Il ne me paraît pas exagéré de dire que le problème de la technique est devenu celui du destin de l'homme et du destin de la culture. Dans ce siècle d'incrédulité, où fléchissent non seulement l'ancienne foi religieuse, mais aussi la foi humaniste du XIXe siècle, la seule foi que l'homme de la civilisation moderne conserve est celle dont il entoure la technique, sa puissance et son progrès infini. Et tout ce qui s'accomplit dans le monde conspire à alimenter cette nouvelle croyance. La technique représente le dernier amour de l'homme qui est tout prêt, sous l'influence de cet amour, à modifier sa propre image. Pour pouvoir croire, l'homme aspirait aux miracles tout en craignant qu'il n'en existât plus. Or la technique accomplit sous ses yeux d'authentiques prodiges. Le problème de la technique est un des plus angoissants pour la conscience chrétienne, qui n'en a pas encore découvert la valeur et la signification.

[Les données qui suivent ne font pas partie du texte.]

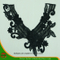 Collar & Neck Decoration Lace (HSZH-1755)
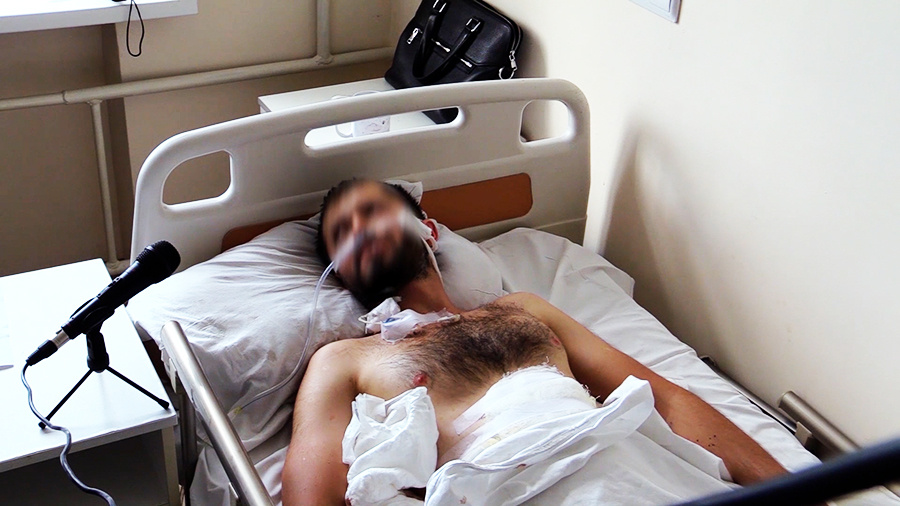    © ФСБ России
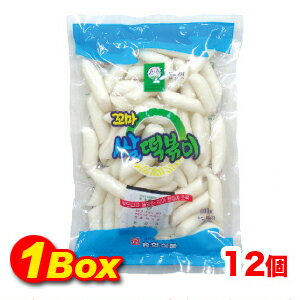 コマトッポギ韓国産600g×12個【1BOX】■韓国食品■輸入食品■輸入食材■韓国料理■韓国食材■トッポキ■トッポギ■トッポッキ■棒餅■激安■イベント■セール【YDKG-s】【RCPmara1207】【マラソン201207_生活】▲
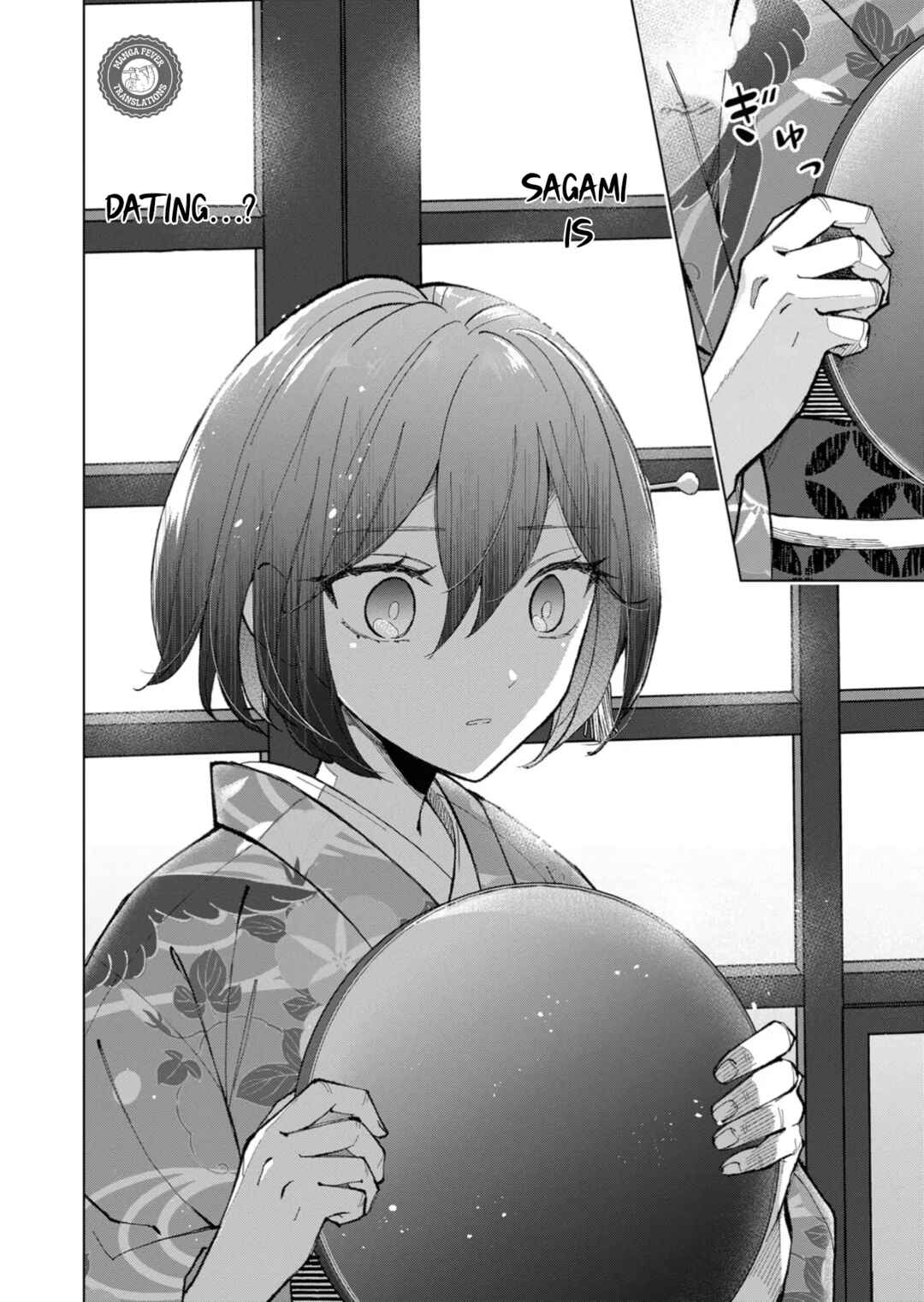 Page 15 Chapter 41 Minikui Yuukaku no Ko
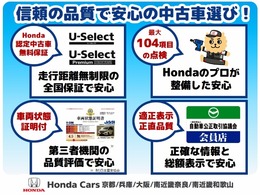 誰もが安心して選べる♪安心が続く中古車でお客様のカーライフを応援します♪　ぜひ店頭に足をお運びください！　気になる一台がきっと見つかりますヨ♪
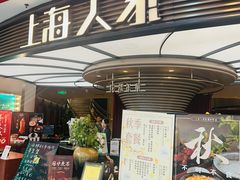 -上海人家花樣年华(中山公园店)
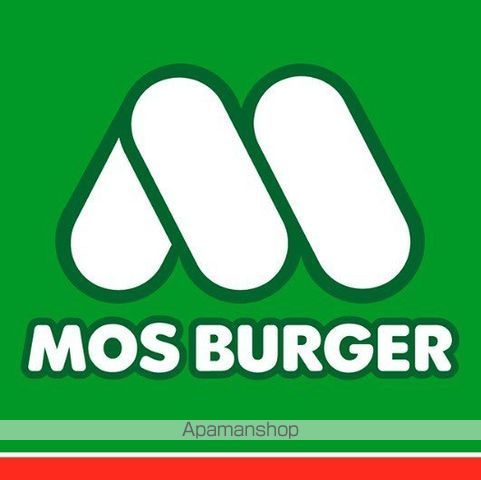 飲食店　モスバーガー厚木愛甲店（飲食店）まで247m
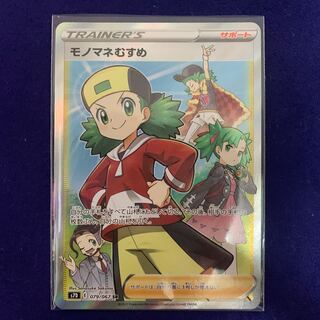 ポケモンカード　モノマネむすめ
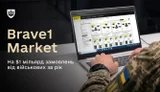 Військові замовили техніки на $1 млрд за єБали: Brave1 Market підбив підсумки року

Les chrétiens adoptent à l'égard de la technique deux attitudes différentes, mais qui l'une et l'autre, nous apparaissent comme superficielles et incomplètes. La majorité d'entre eux considère la technique comme indifférente et neutre à l'égard de la religion, comme « l'affaire » des ingénieurs. Elle accroît le bien-être, elle apporte dans la vie des perfectionnements, dont bénéficient sans doute aussi les chrétiens, mais son domaine est un domaine particulier qui n'a rien à voir avec leur conscience ou avec leur esprit et qui ne leur pose aucun problème spirituel. Quant aux autres, ils subissent la technique comme un mal apocalyptique, terrifiés par le pouvoir sans cesse croissant qu'elle exerce sur la vie humaine, ils voient en elle le triomphe de l'Antéchrist, la Bête montée de l'abîme.